In the urban sprawls of London and Cardiff, the plight of the Northumberland farmer seems far away, and most "townies" believe poor husbandry contributed to the spread of the original outbreak of foot-and-mouth, not least because reports of appalling conditions on some farms were being published nearly every day.

The long gaps between new cases, the relaxation of controls on countryside activities, and even the British government's announcement of several inquiries into the outbreak all contributed to the feeling among the non-farming community that foot-and-mouth was all but over.

Despite the appearance of the new clusters, however, the National Farmers' Union and DEFRA believe they are just the tail-end of the disease. Before June's general election, official guidance suggested the disease would be over during the summer, but even that prediction was hastily revised with the Cumbria outbreak and suspected cases in the Welsh Brecon Beacons, which had been disease-free, in early August.

And although scientists said warm weather hindered the spread of the disease, the new cases have still emerged and multiplied in Northumberland, where it has been mild.
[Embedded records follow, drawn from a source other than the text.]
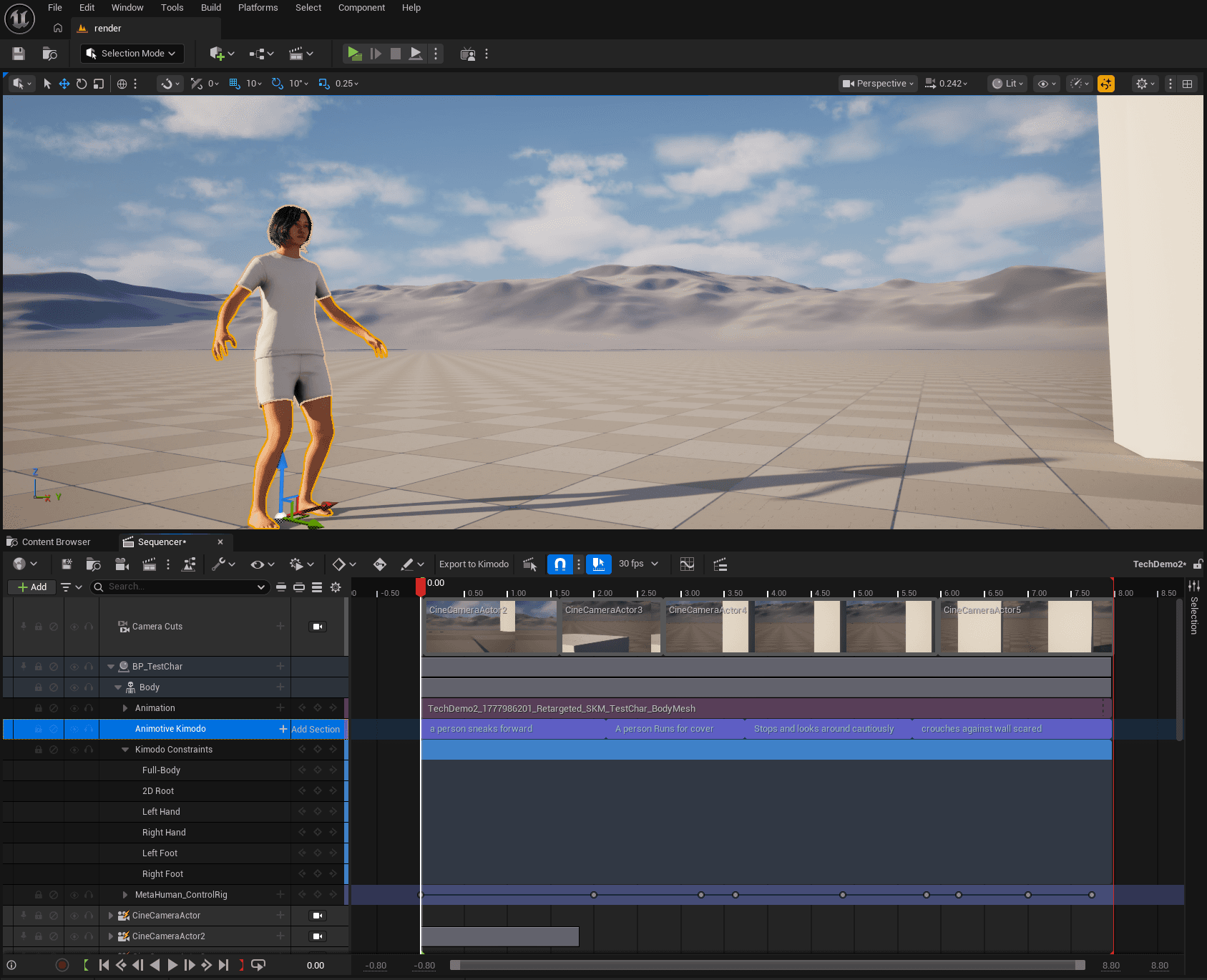Animotive Kimodo inside Unreal Engine Sequencer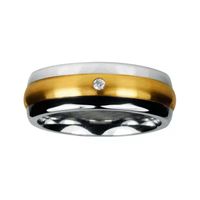 Mens 8mm Cobalt with 10K Yellow Gold Inlay Wedding Band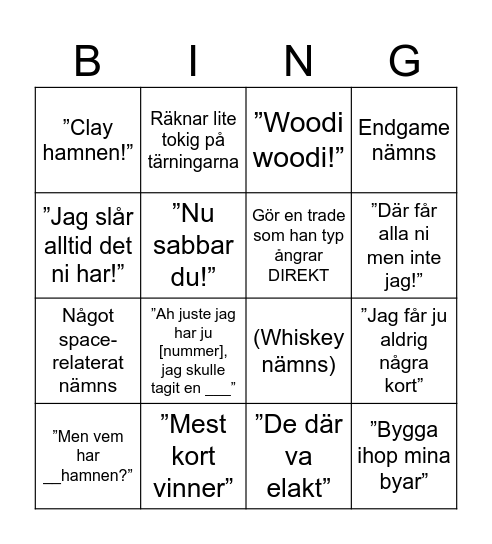 Pappa på catan bingo Card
At the Newcastle Disease Emergency Control Centre where the investigation into the Northumberland outbreak is being co-ordinated, scientists and vets hope the 400-square mile bio-security zone surrounding Hexham will prevent the spread of the disease into other areas.
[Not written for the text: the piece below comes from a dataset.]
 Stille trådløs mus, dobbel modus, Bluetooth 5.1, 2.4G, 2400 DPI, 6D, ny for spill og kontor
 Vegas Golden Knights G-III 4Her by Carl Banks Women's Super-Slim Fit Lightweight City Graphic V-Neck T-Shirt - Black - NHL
But the fear is not confined to Northumberland. The area is close to the border with Scotland, and National Farmers' Union officials have been urging farmers in Scotland to maintain foot-and-mouth precautions. The country has only two more days to wait to pass the three-month disease-free marker when it can reapply for livestock export licences.

The message in Northern Ireland is the same, and while the farming community is not immediately at risk following the Northumberland outbreak, farmers have been told to maintain the "fortress farming" attitude to ensure there are no more cases.

Relaxing disinfection measures or the reopening of parts of the English countryside may have caused the Northumberland outbreak. But whatever the cause, the sting in the tail of the foot-and-mouth outbreak is proving particularly nasty.